DATA TO PROCESS

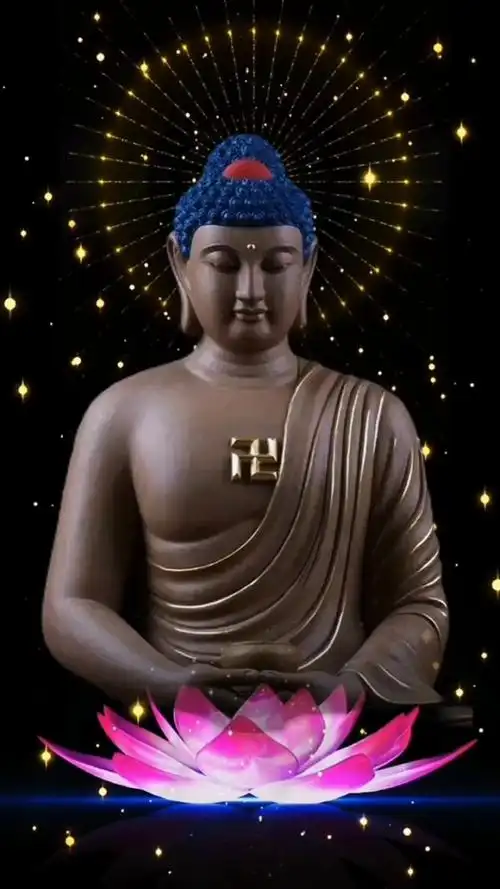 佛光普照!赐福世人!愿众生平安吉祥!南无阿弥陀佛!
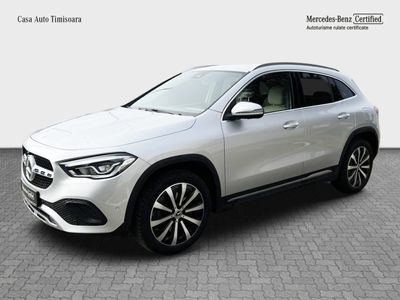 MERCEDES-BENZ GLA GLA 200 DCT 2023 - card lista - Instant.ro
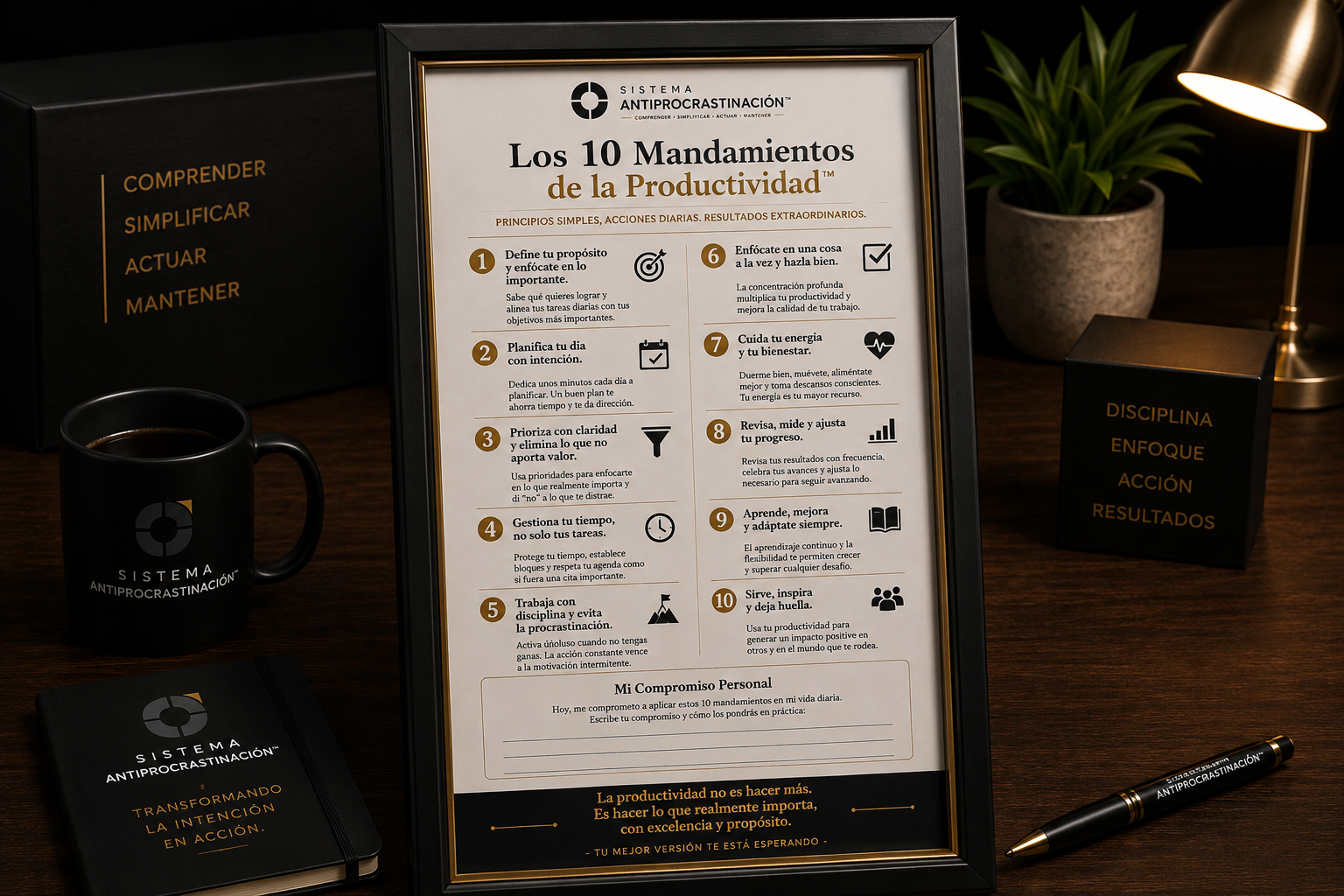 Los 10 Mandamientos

* * *

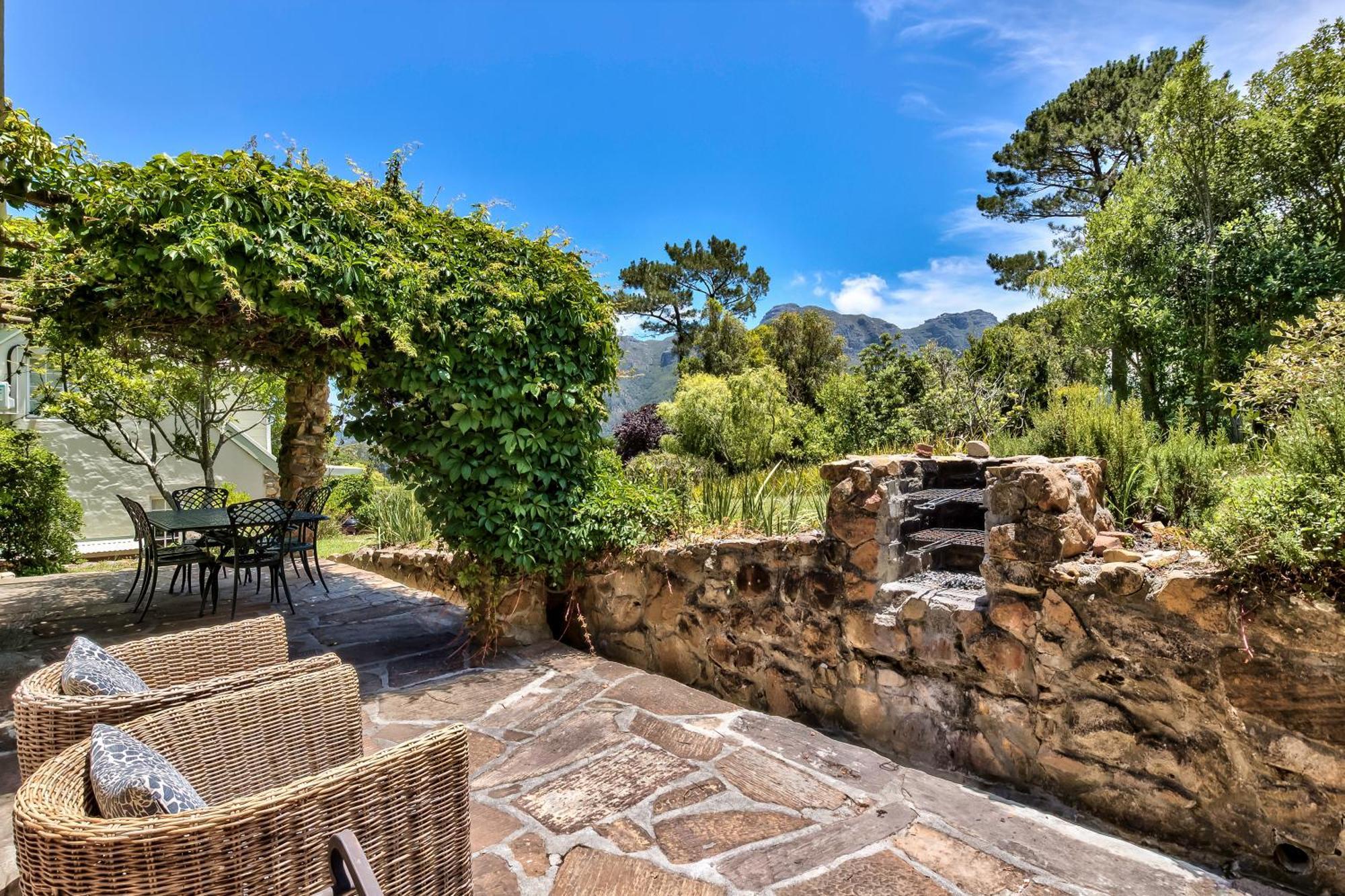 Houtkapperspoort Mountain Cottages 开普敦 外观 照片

WHAT TO PRODUCE
What you return from the records above should be exactly everything from the line with "佛光普照!赐福世人!愿众生平安吉祥!南无阿弥陀佛!" down to the line with "Los 10 Mandamientos", both kept, and no pictures.

ANSWER
 佛光普照!赐福世人!愿众生平安吉祥!南无阿弥陀佛!
 MERCEDES-BENZ GLA GLA 200 DCT 2023 - card lista - Instant.ro
 Los 10 Mandamientos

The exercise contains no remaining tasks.